Today’s Question: After I’ve transferred a shoot to my hard drive, does it matter whether I re-format the media card in the camera or simply erase all old picture files, in terms of capture speed, write speed, quality or anything else for my subsequent captures?
Tim’s Quick Answer: I recommend formatting the card in the camera rather than erasing images from the card using your computer, primarily because formatting will recreate the “table of contents” for the file system on the card. This approach can help avoid issues with corruption occurring over time with the file system on the card.
More Detail: In theory it really shouldn’t matter whether you erase all of the images from a card on your computer or format the card in your camera. As long as the space consumed by those photos has been freed up so you can capture new images, you should be in good shape.
Unfortunately, the file system information on the media card can become corrupted over time, and so it is a good idea to use the format option on your camera to “erase” the card and prepare it to be used for new photos.

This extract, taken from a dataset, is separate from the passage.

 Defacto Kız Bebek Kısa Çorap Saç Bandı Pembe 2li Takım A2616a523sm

In essence, this process involves re-creating the file allocation table on the card, which is the “table of contents” used by the card.

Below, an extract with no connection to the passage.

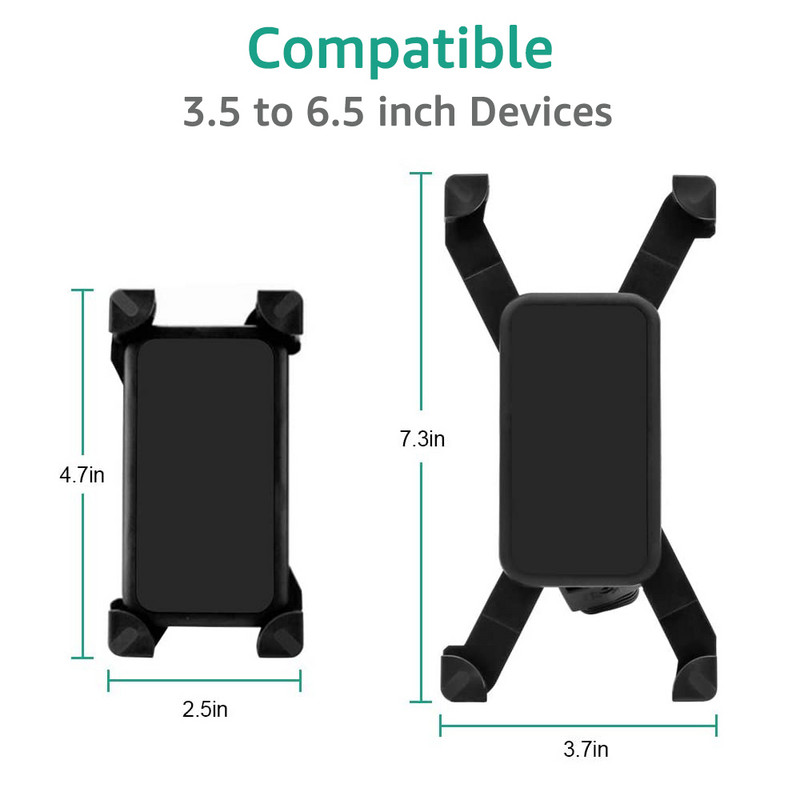 Suport pentru telefon mobil pentru motociclete Untoom Oglinda retrovizoare pentru motociclete Suport de reglare Suport pentru telefon mobil de 3,5-6,5 inci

Most cameras, by the way, don’t actually remove your image data from the card when you format the card in the camera. The same is true in most cases when you otherwise erase images from the card. The actual image data remains on the card, but the “table of contents” is updated to indicate the photos are no longer there and that the space that had been consumed by the photos is available for saving new images. This is what makes it possible to recover lost images that have been accidentally deleted, even if the card was formatted. As long as you haven’t captured new images (or you use a method of erasing that actually over-writes the image data) you can use special software to recover images you thought were lost.